Start of Block
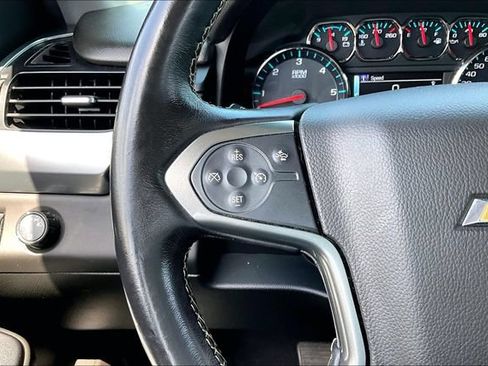 Used 2020 Chevrolet Tahoe LT RWD image 11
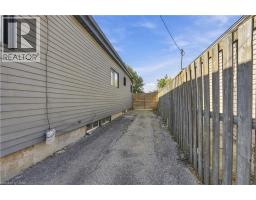4pc Bathroom - 658 Upper Wellington Street, Hamilton, ON L9A3R1 Photo 6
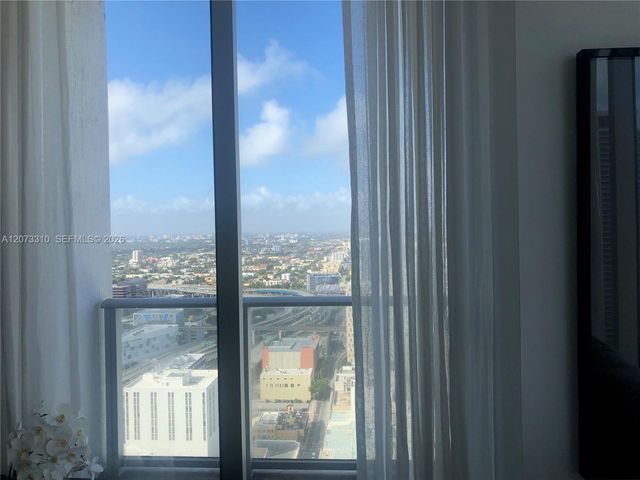 151 SE 1 Street PH 10, Miami, FL 33131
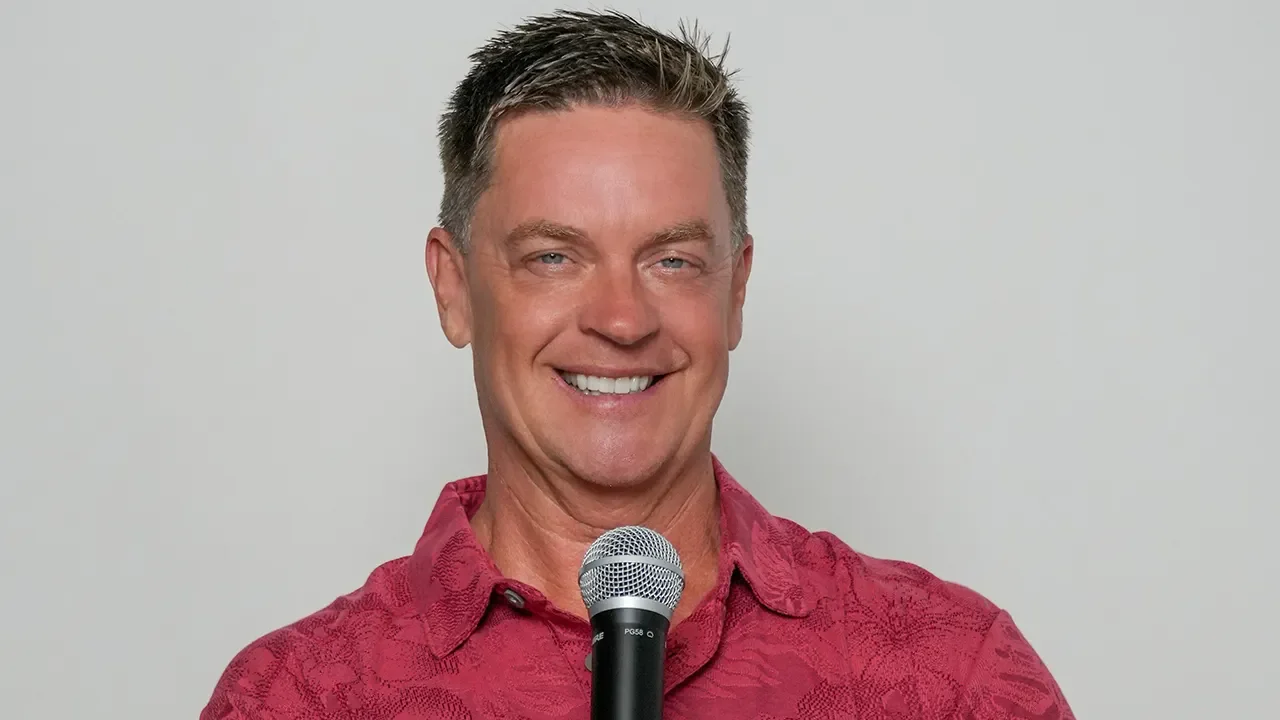 Jim Breuer alleges first-class downgrade on American Airlines prompts refund fight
End of Block
#### Your objective:
The copy must match the listing above exactly, except that it holds no pictures.

#### Response box:
 Used 2020 Chevrolet Tahoe LT RWD image 11
4pc Bathroom - 658 Upper Wellington Street, Hamilton, ON L9A3R1 Photo 6
 151 SE 1 Street PH 10, Miami, FL 33131
 Jim Breuer alleges first-class downgrade on American Airlines prompts refund fight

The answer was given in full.